12.10.06

Icicle Formation Mystery Solved by Studying Stalactites


"Scientists have long understood how snowflakes take shape, but icicles have remained a wintry wonder.

A solution has finally emerged — from a cave.

In 2005, researchers determined that stalactites, the long, carrot-like structures that hang from ceilings of caves, have a distinctive shape that can be described by a simple mathematical equation.
Oddly, the same math applies to icicles, a new study shows.
Although stalactites and icicles have similar shapes, they don't have any physics in common.
Icicles grow from heat diffusion and rising warm air, while stalactites rely on the diffusion of carbon dioxide gas.
"We didn't expect to be able to apply the same math, because the physics of the two are so different," said mathematician and physicist Ray Goldstein of the University of Cambridge in England.
"It is really the same shape, apart from the bumps and wiggles," Goldstein added. "It confirms what we know with our eyes."
The findings were published in a recent issue of the journal
Physics of Fluids.
Icicles typically form on days when the outdoor air temperature is below freezing, but sunshine warms and melts some snow or ice.
As it drips off your roof, a water droplet loses heat to the cold air and eventually refreezes.
An icicle starts with a few frozen droplets. When it reaches a certain size, drops begin to drip down the sides of the structure.
"The water will run down the sides of the formation evenly, in a thin film, and freeze on the way down," said University of Arizona physicist Martin Short, another member of the study team. "This sort of freezing thin film of water is what leads to the eventual icicle shape."
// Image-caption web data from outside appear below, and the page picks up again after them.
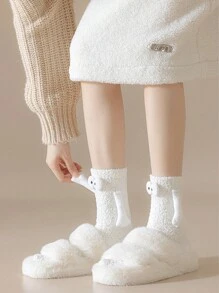 FLSHMCEN 1對手牽手保暖襪子有趣襪子,送男友、情侶、新年最好的朋友禮物 - 白色 - 查看 3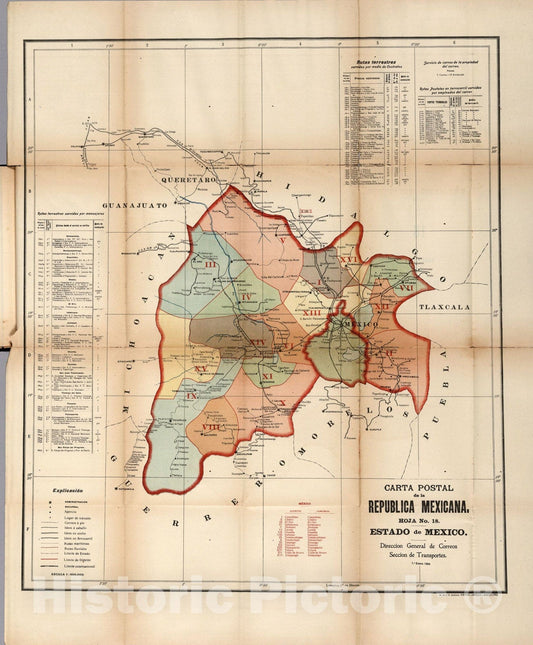 Historic Map : Carta Postal de la Republica Mexicana. Hoja No. 18. Estado de Mexico., 1904, Vintage Wall Art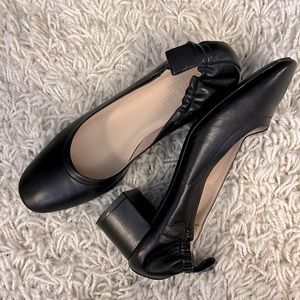 Everlane black leather block heels shoe size 5.5 lightly used.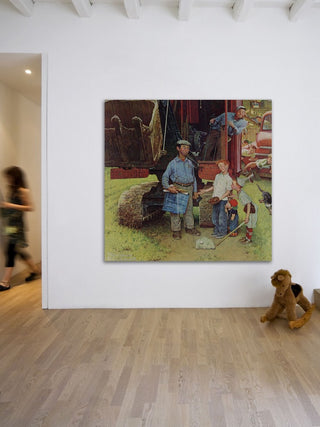 "Construction Crew" Painting Print on Canvas by Norman Rockwell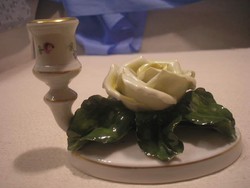 N18 Ó- Herendi formaszámos jubileumi 1839-1949 ritka de sérült rózsás gyertyatartó  12 x 9 cm-es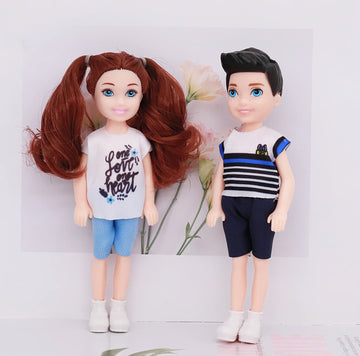 Lembani Mini Dolls Set - 10 Pieces (5 Boy & 5 Girl) - 5 Inch Plastic Dolls for Dollhouse - Kids Gifts - Model 011 - Multiple Colors
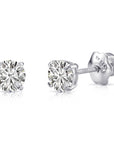 14K White Gold Round Brilliant-Cut Lab Diamond Stud Earrings, Screwback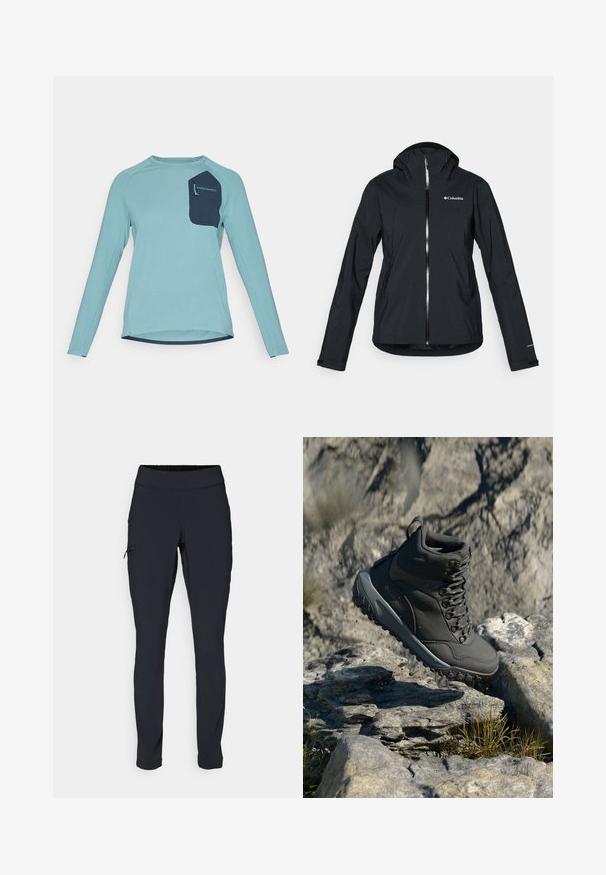 Zwarte waterdichte jas met een volledige rits, aangehechte capuchon en reflecterende accenten. Gladde textuur, minimalistisch ontwerp met het Columbia-logo.; Langsleeve shirt van lichtblauwe textuurstof. Beschikt over een marineblauwe pocket met branding. Ronde halslijn en ontwerp met afgeronde zoom.; Zwarte sportbroek met een slim fit, elastische tailleband en een zijzak met rits. Glad, rekbaar materiaal met minimale naden.; Donkergrijze wandelschoen van synthetisch materiaal, met een gewatteerde schacht, metalen veterogen en een getextureerde rubberen zool voor grip.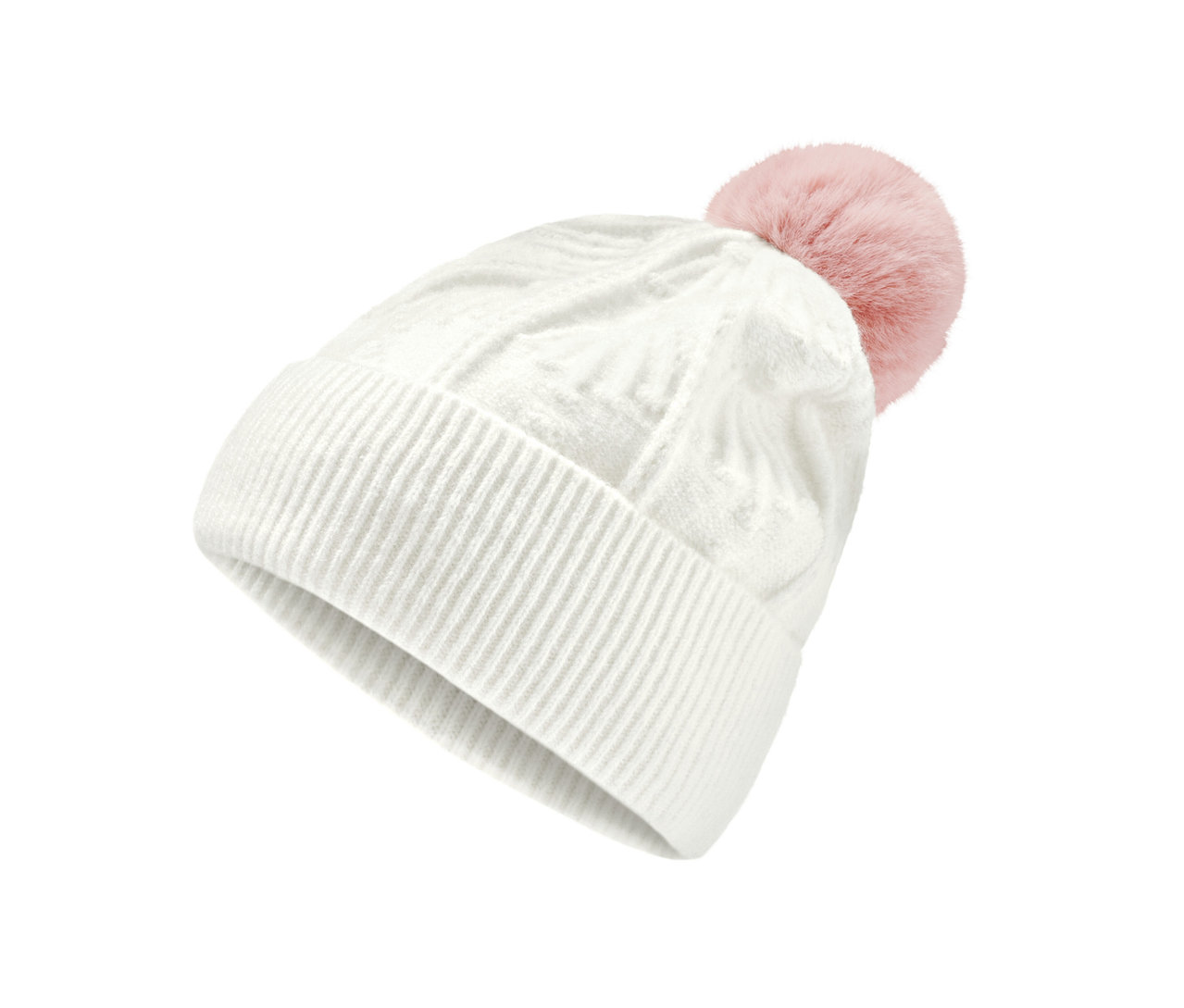 Weiße Strickmütze mit Bommel.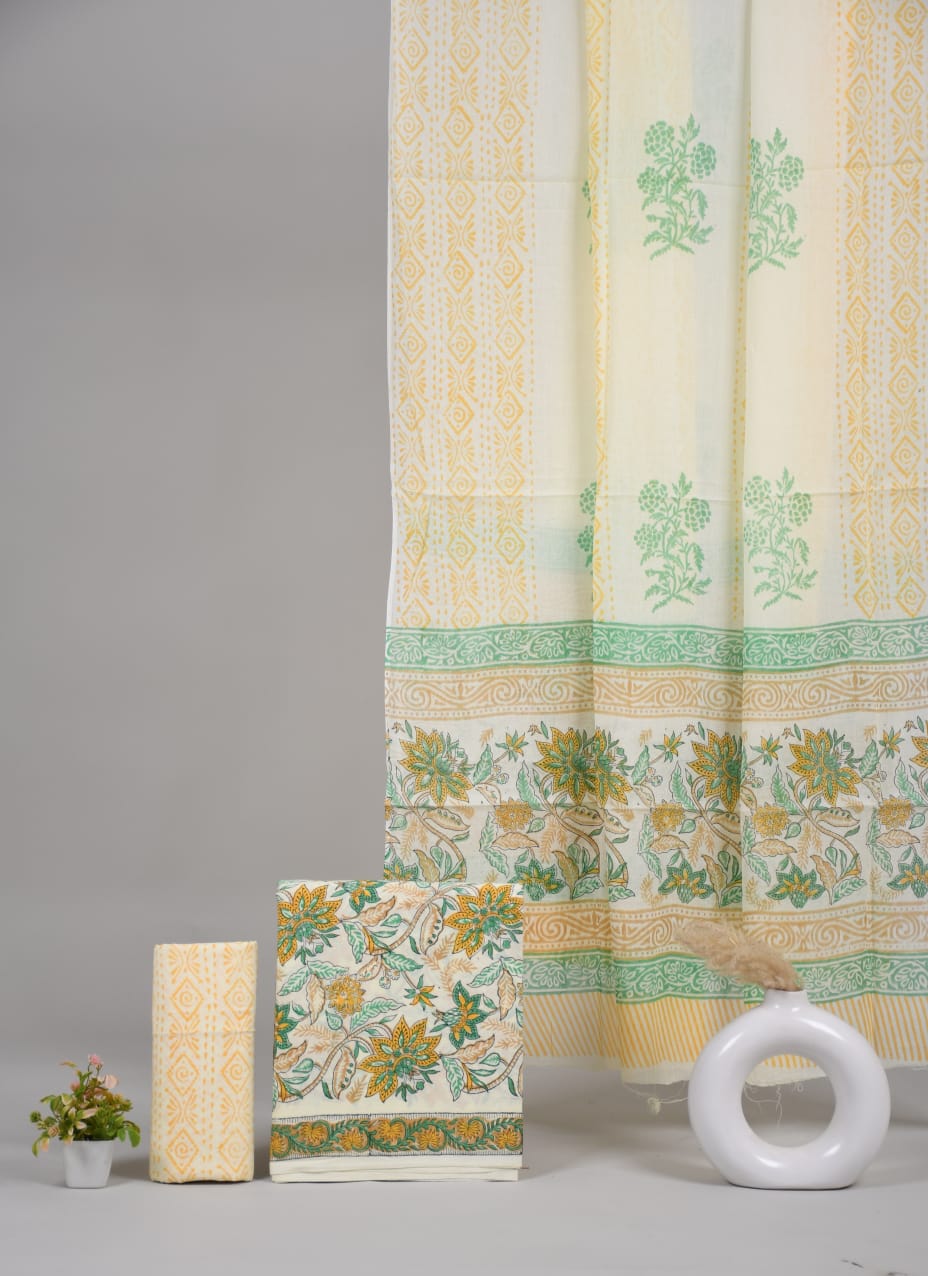 Exclusive Hand Block Cotton Suit With Cotton Dupatta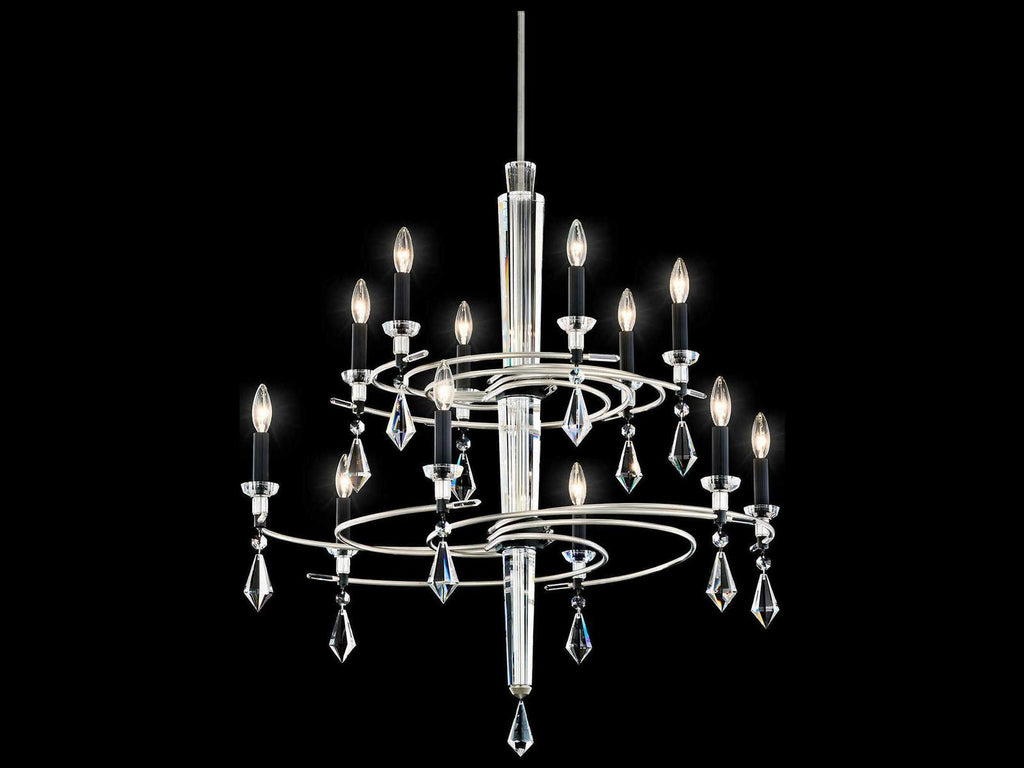 Schonbek Tempest 12-Light Tiered Chandelier with Crystal Accents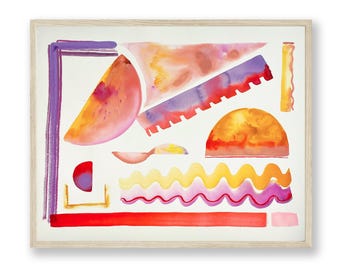 Abstract Sunset Geometric Watercolor Painting Statement Artwork 16"x20"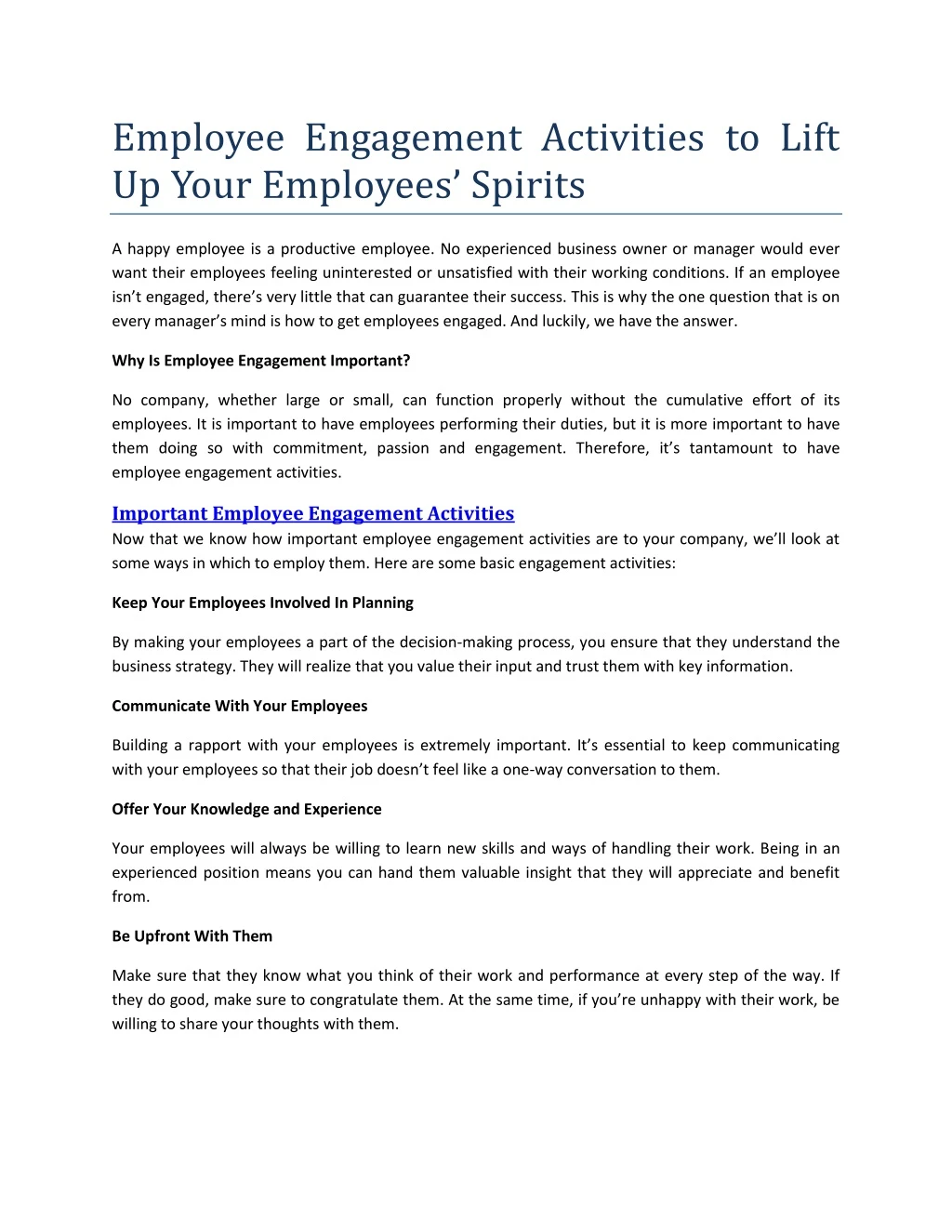 employee engagement activities to lift up your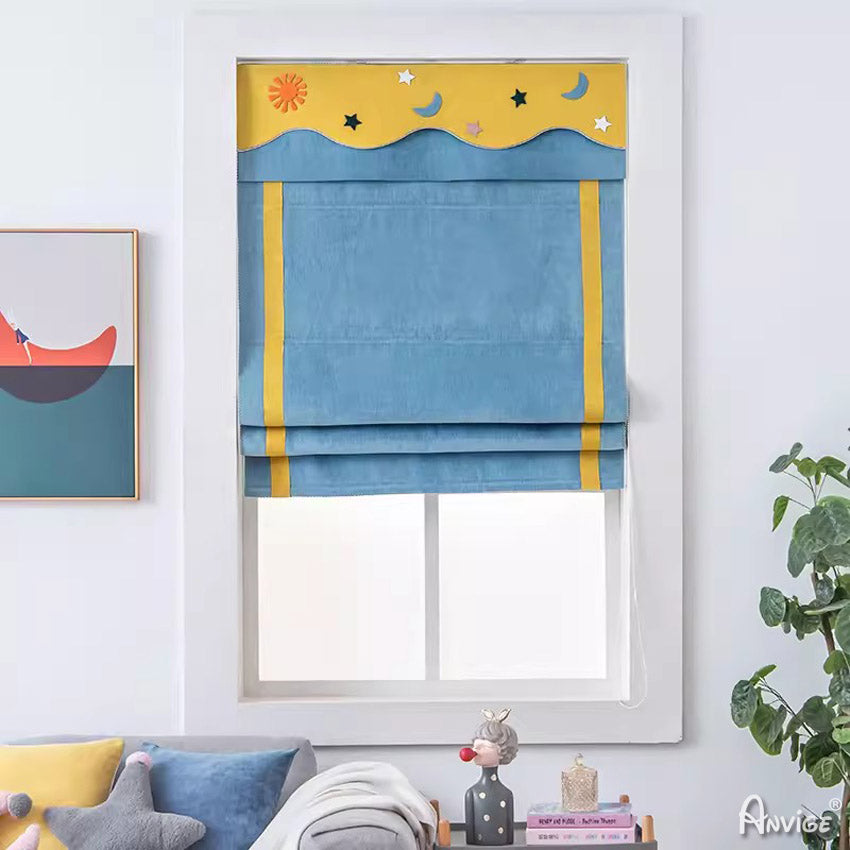 Anvige Home Textile Roman Shade Anvige Flat Roman Shades,Hardware For Installation Included,Window Treatment,Custom Roman Blinds,Blue With Double Yellow Trims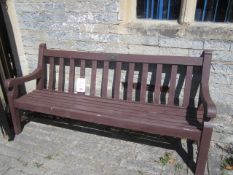 Timber slatted garden bench, 2m. Located at main schoolPlease note: This lot, for VAT purposes, is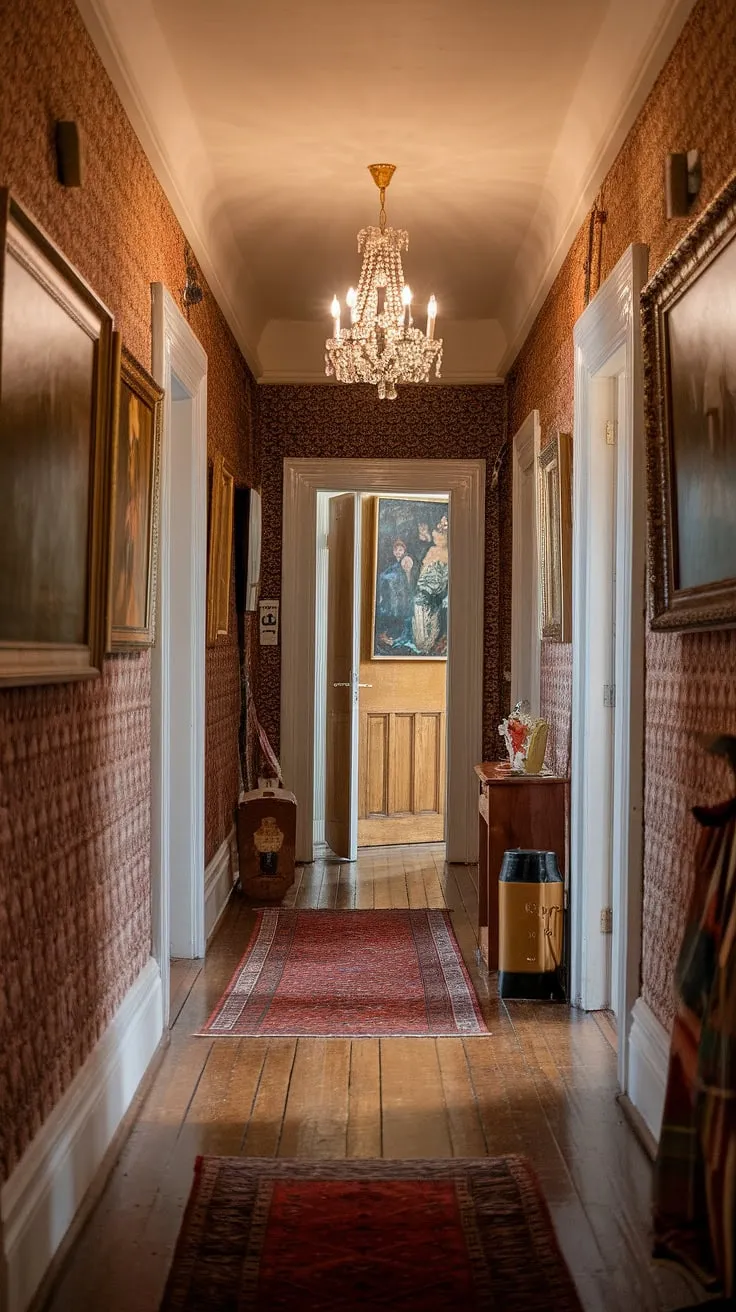 A grand Victorian hallway evokes a sense of timeless English charm through its ornate details and warm ambiance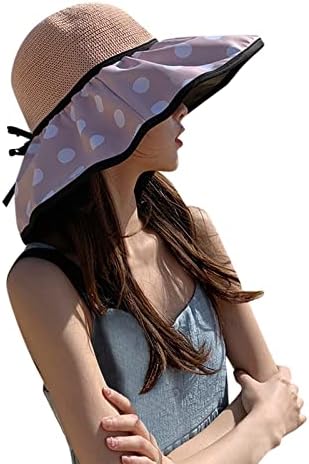 Дамски упаковываемая панама с широка периферия, лятна сгъваема плажна шапка, пътна плажна шапка с сенника UPF 50+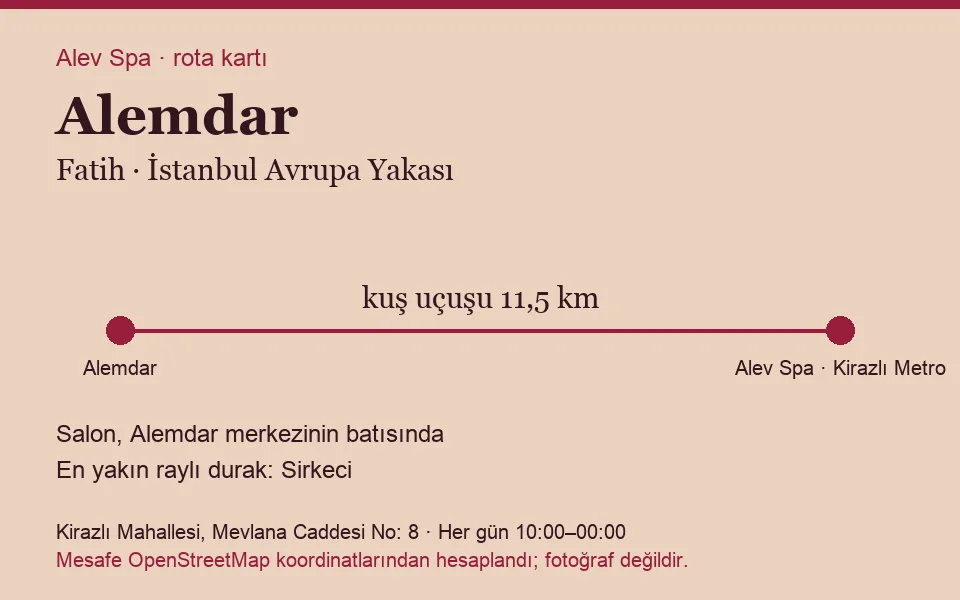 Alemdar masaj salonu rota kartı: Alev Spa'ya kuş uçuşu 11,5 km, salon batısında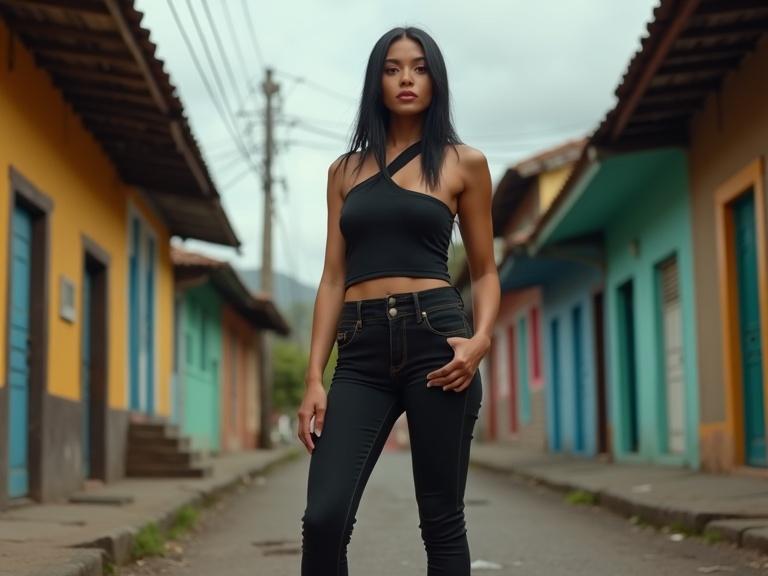 A confident woman stands on a street in a favela. She wears a halter top and skinny jeans. Her hair is straight and dark. The background features colorful buildings typical of a Brazilian neighborhood.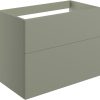 Gabriel 790mm Wall Hung 2 Drawer Basin Unit (No Top) - Matt Olive Green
The thin fluid layer on the surface of an icicle gives off heat that warms the air around it through a process called conduction.
As warm air rises, it removes heat from the liquid layer and causes it to freeze.
Here is the main point: The buffer of heated air is widest at the top of the icicle, where conduction is slowest.
"The buoyant air layer is really the most important factor in determining the icicle shape," Short told LiveScience.
Imagine the warm air as a blanket of differing thickness. The thinner part, at the bottom tip, allows more heat to escape than does the thick part of the blanket at the top.
"So the tip grows faster than the base, making the icicle pointy," Short explained.
The research was based on icicle photographs. To test their idea against actual icicles, the team plans to grow icicles in a lab and film their growth."